## Brief
An exact reproduction of the entries is needed. Keep all pictures out of it.

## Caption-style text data
BEGIN

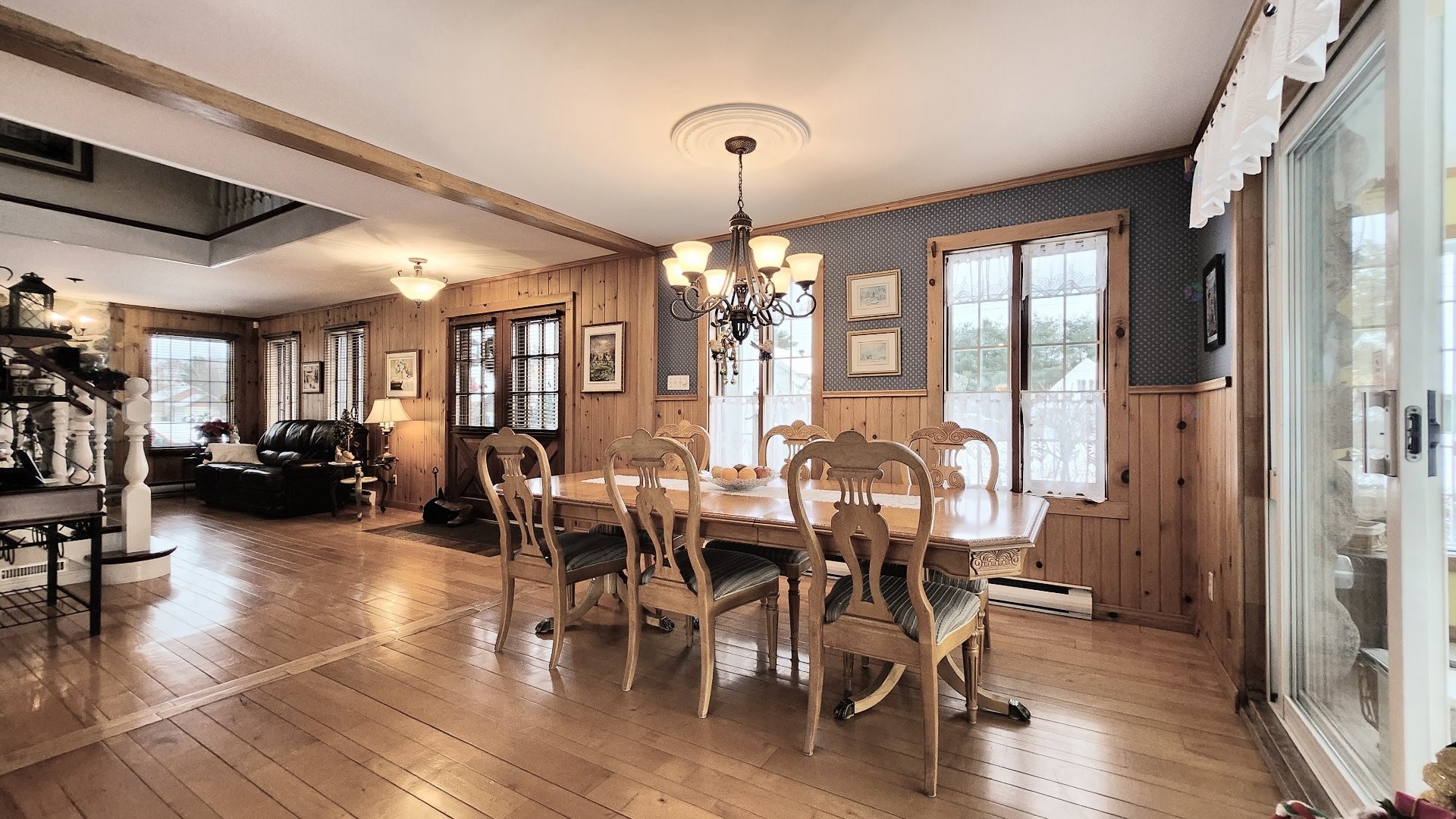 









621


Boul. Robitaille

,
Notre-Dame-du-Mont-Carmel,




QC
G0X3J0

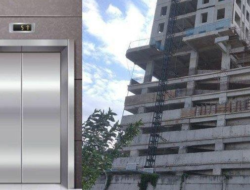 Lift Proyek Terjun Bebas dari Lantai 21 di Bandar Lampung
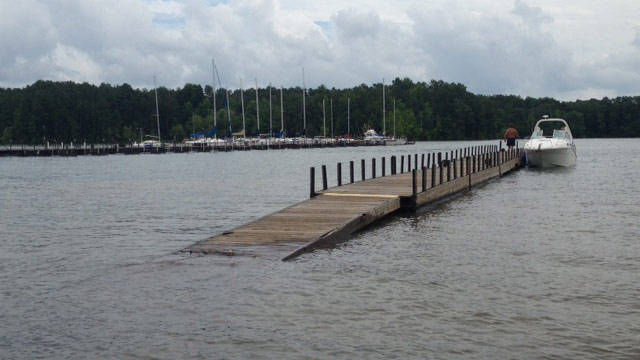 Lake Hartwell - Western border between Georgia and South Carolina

END

## Task output
621


Boul. Robitaille

,
Notre-Dame-du-Mont-Carmel,




QC
G0X3J0

 Lift Proyek Terjun Bebas dari Lantai 21 di Bandar Lampung
 Lake Hartwell - Western border between Georgia and South Carolina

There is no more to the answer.